I plan to add support for adjectives as well (TODO).

Motivation

The Wikipedia page on Non-English-based programming languages lists eight different languages based on Japanese. So why make a ninth one? The short answer is, to see what I would end up with. The slightly longer answer is that these other eight languages serve a practical purpose: they want to make programming easier for Japanese native speakers, and most of them target education.

My motivation to create Haku is very different. I don't want to create a practical language. I want to explore what the result is of creating a programming language based on a non-English language, in terms of syntax, grammar and vocabulary. In particular, I want to allow the programmer to control the register of the language to some extent (informal/polite/formal).

Syntax

I also want the language to be closer, at lease visually, to literary Japanese. Therefore Haku does not use Roman letters, Arabic digits or common arithmetic, logical and comparison operators. And it supports top-to-bottom, right-to-left writing.

Grammar

The main motivation for Haku is the difference in grammar between Japanese and most Indo-European languages. In particular, it has subject-object-verb order. This makes the familiar programming constructs quite different.

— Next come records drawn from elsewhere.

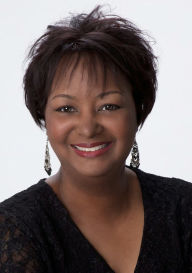 Rachel Renee Russell & her daughter, Nikki Russell, discuss & sign TALES FROM A NOT-SO-POSH PARIS ADVENTURE, the newest Dork Diaries!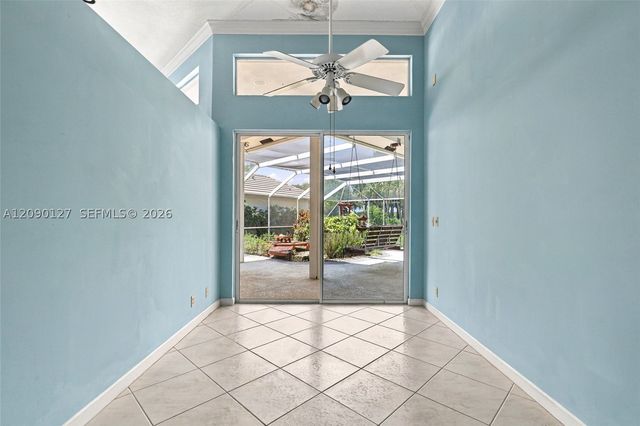 173 Orange Tree Dr, Atlantis, FL 33462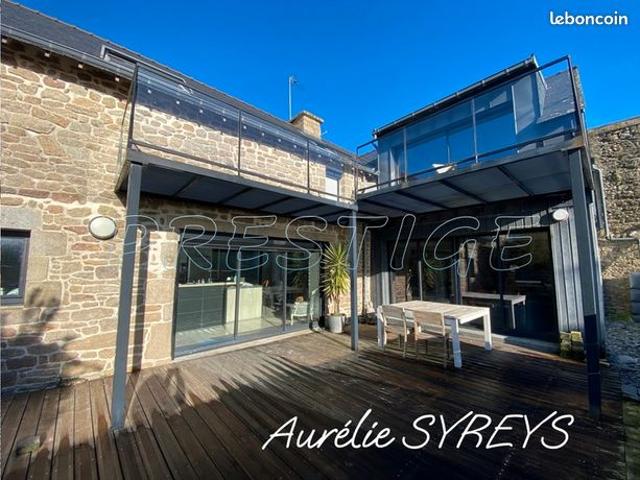 Maison 10 pièces 320 m²
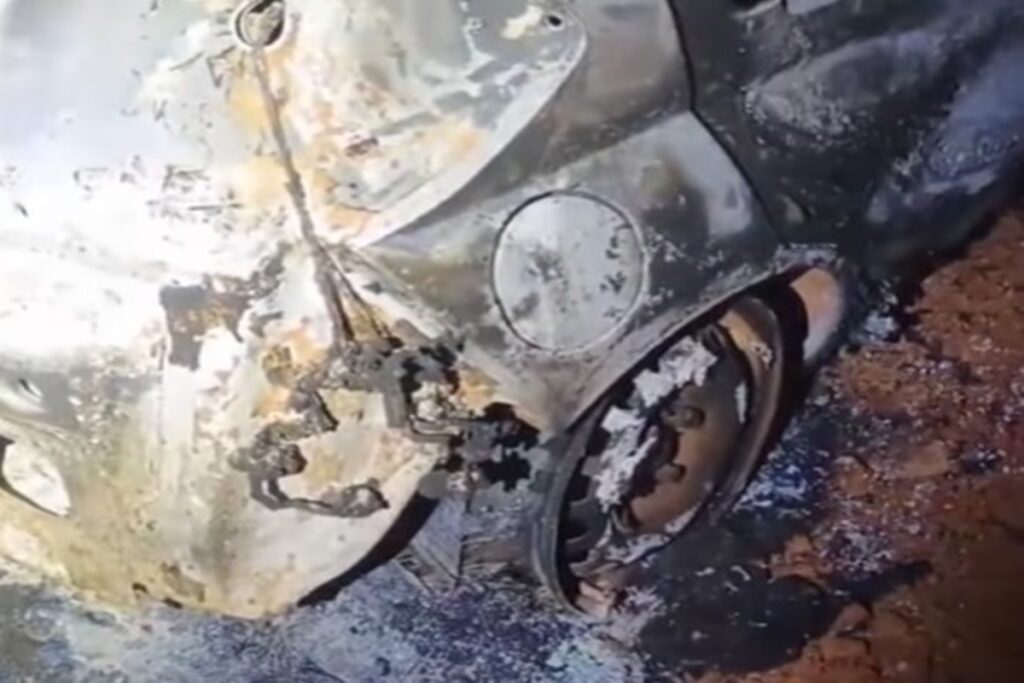 bandido-queima-carro,-estupra-vulneravel-e-sequestra-vitima-em-assalto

Some time ago I ran a poll about how coders perceive function calls, and 3/4 of respondents answered "imperative" (other options were infinitive, noun, -ing form).

In Japanese, the imperative (命令形 meireikei, "command form") is rarely used. Therefore in Haku you can't use this form. Instead, you can use the plain form, -masu form or -te form, including -te kudasai. Whether a function is perceived as a verb or a noun is up to you, and the difference is clear from the syntax. If it is a noun, you can turn it into a verb by adding suru, and if it is a verb, you can add the 'no' or 'koto' nominalisers. And you can conjugate the verb forms.

Naming and giving meaning

In principle, programming language does not need to be based on natural language at all. The notorious example is APL, which uses symbols for everything. Agda programmers also tends to use lots of mathematical symbols. It works because they are very familiar with those symbols. An interesting question is if an experienced programmer who does not know Japanese could understand a Haku program; or if not, what the minimal changes would be to make it understandable.

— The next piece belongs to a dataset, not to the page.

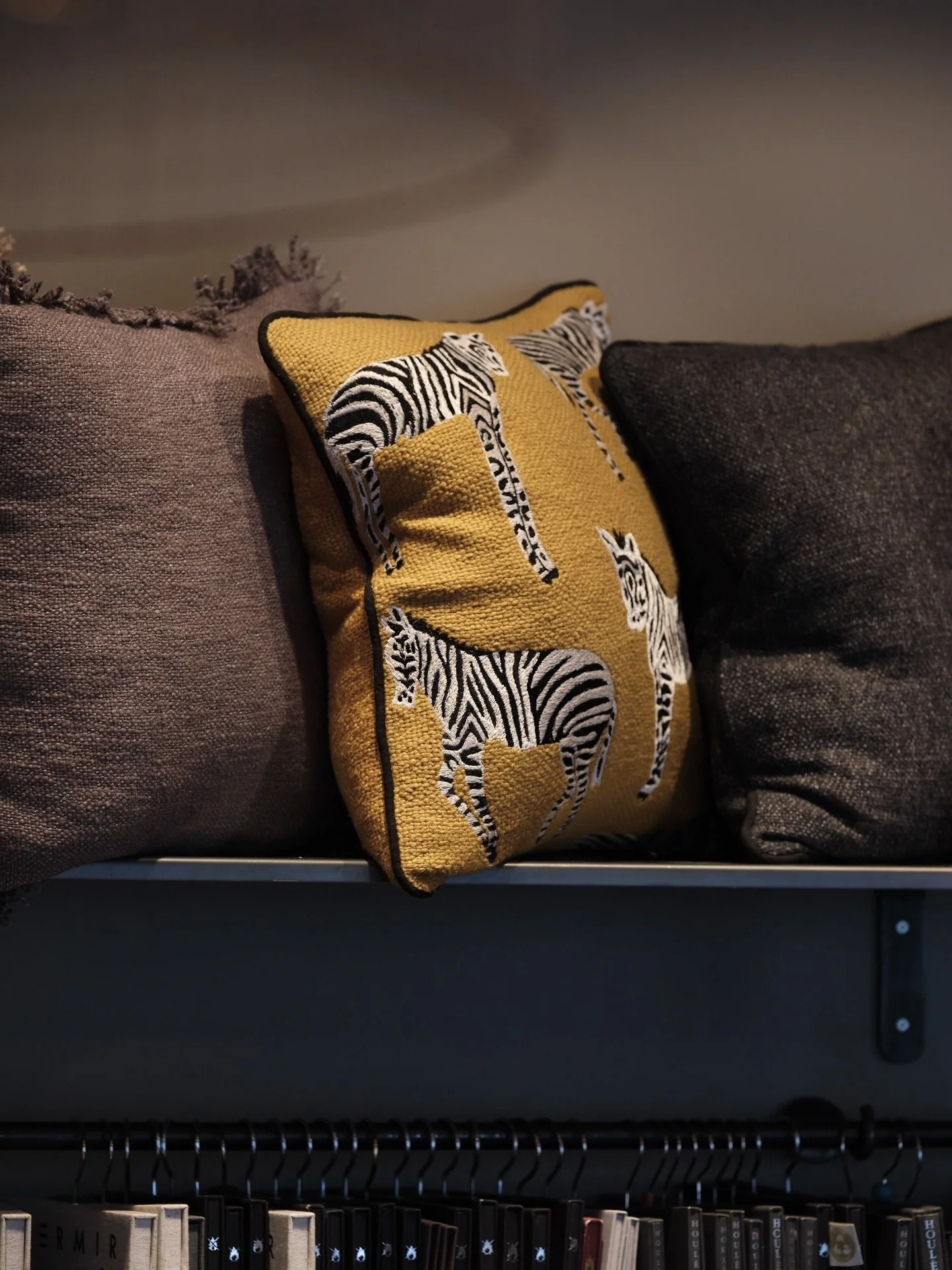 P&uacute;&eth;arnir okkar eru tilvaldir &iacute; j&oacute;lapakkann 🎁✨ Komdu vi&eth; hj&aacute; okkur &aacute; H&ouml;f&eth;abakka 9 og sko&eth;a&eth;u &uacute;rvali&eth;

To allow to investigate that question, the Scheme and Raku emitters for Haku supports (limited) transliteration to Romaji. And there is also Roku, but more about that later ...

Parsing

Japanese does not use spaces. So how do we tokenise a string of Japanese?

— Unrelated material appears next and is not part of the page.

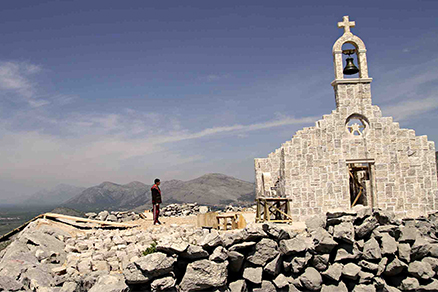 <b>kesisen hayatlar</b>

  • There are three writing systems: katakana (angular), hiragana (squigly) and kanji (complicated).
  • Katakan is used in a similar way as italics
  • Nouns, verb, adjectives and adverbs normally start with a kanji
  • Hiragana is used for verb/adjective/adverb endings and "particles", small words or suffixes that help identify the words in a sentence.
  • A verb/adjective/adverb can't end with a hiragana character that represents a particle.

So we have some simple tokenisation rules:

  • a sequence of katakana
  • a kanji followed by more kanji or hiragana that do not represent particles
  • hiragana that represent particles

Where that fails, we can introduce parentheses. In practice, only specific adverbs and adjectives are used in Haku. For example:

ラムダ|は|或|エクス|で|エクス|掛ける|エクス|です

ラムダ: katakana word
は: particle
或: pre-noun adjective
エクス: katakana word
で: particle
エクス: katakana word
掛ける: verb
エクス: katakana word 
です: verb (copula)

Implementation

Haku is implemented in Raku, a gradually-typed multi-paradigm language.
The parser uses Raku’s Grammars. It is a recursive descent, longest token match parser. The parser populates an AST using Haku’s Actions. The AST is an algebraic datatype implemented using Haku’s Parameterized Roles. The emitter generates Raku code which is executed via dynamic module loading. Currently all type checking is delegated to Raku.

About the name

I call it 'haku' because I like the sound of it, and also because that word can be written in many ways and mean many things in Japanese. I was definitely thinking about Haku from Spirited Away. Also, I like the resemblance with Raku, the implementation language. I would write it 珀 (amber) or 魄 (soul, spirit).